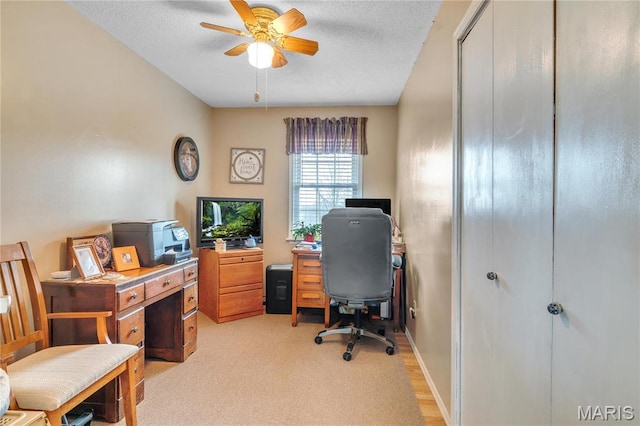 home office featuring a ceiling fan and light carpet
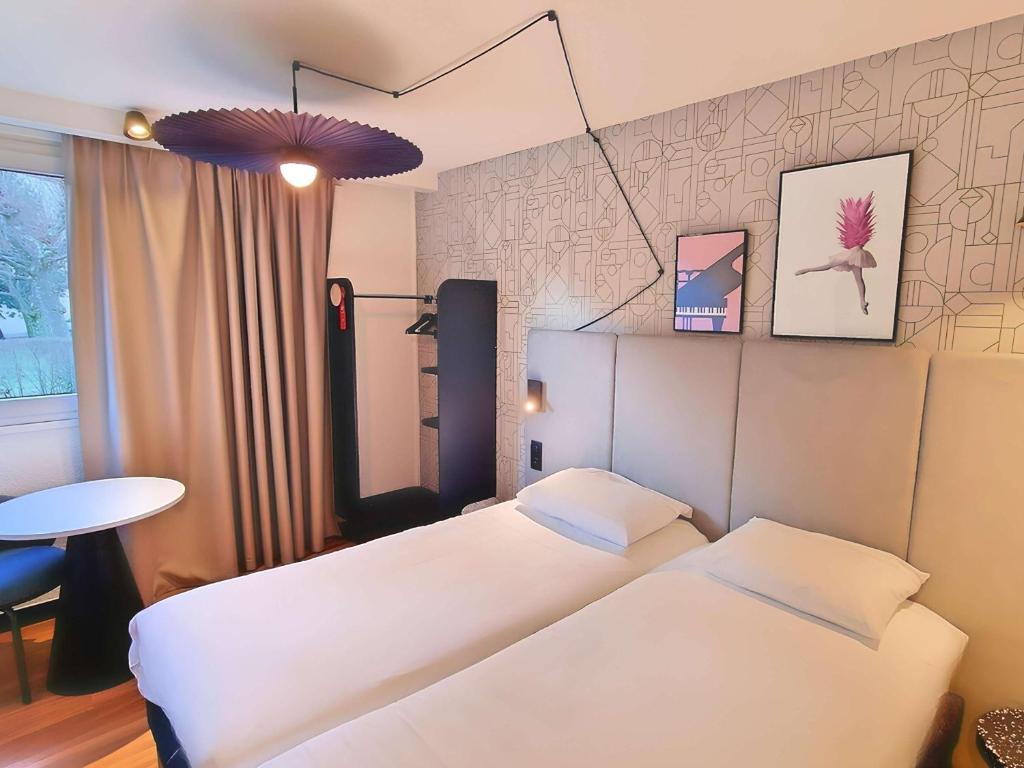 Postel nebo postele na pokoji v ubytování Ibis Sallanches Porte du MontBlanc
──────────────────────────────
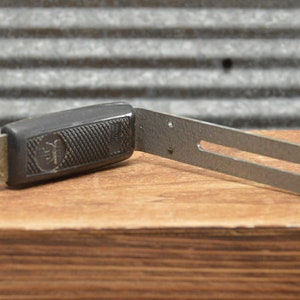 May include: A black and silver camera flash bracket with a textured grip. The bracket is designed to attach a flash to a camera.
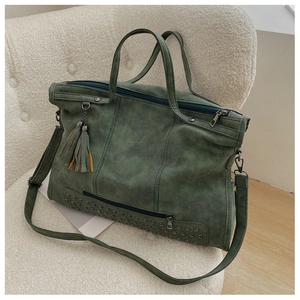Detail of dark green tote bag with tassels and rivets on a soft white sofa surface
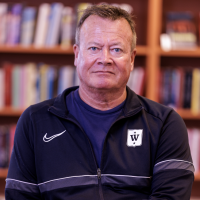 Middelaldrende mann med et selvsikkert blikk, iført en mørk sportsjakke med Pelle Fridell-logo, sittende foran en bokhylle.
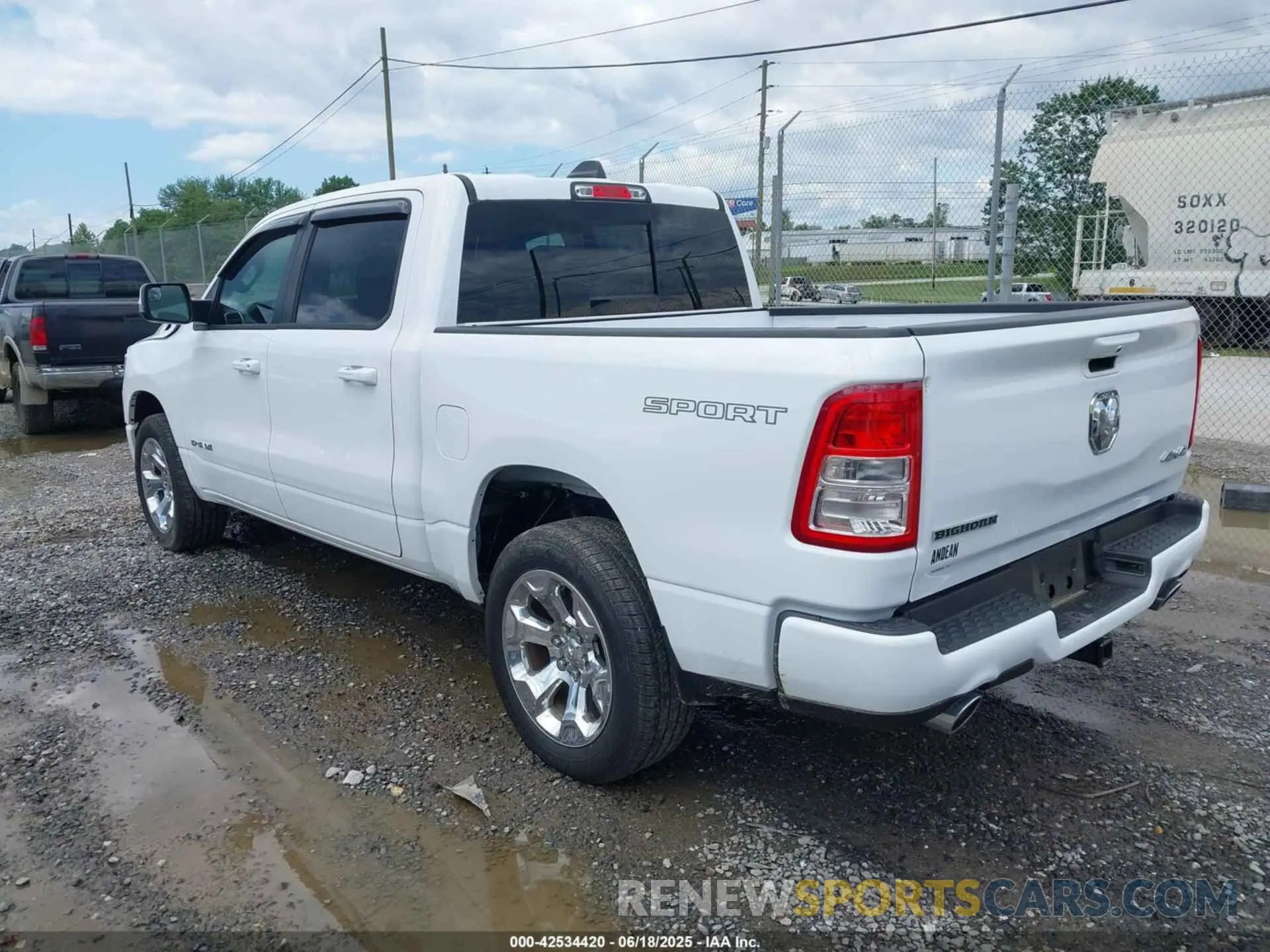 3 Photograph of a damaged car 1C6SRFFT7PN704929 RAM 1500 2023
──────────────────────────────
ASSIGNMENT:
In the entries above, find the line containing "May include: A" and the line containing "3 Photograph of", then copy both and every line between them exactly, without any picture.

SOLUTION TO THIS PROBLEM:
 May include: A black and silver camera flash bracket with a textured grip. The bracket is designed to attach a flash to a camera.
Detail of dark green tote bag with tassels and rivets on a soft white sofa surface
 Middelaldrende mann med et selvsikkert blikk, iført en mørk sportsjakke med Pelle Fridell-logo, sittende foran en bokhylle.
 3 Photograph of a damaged car 1C6SRFFT7PN704929 RAM 1500 2023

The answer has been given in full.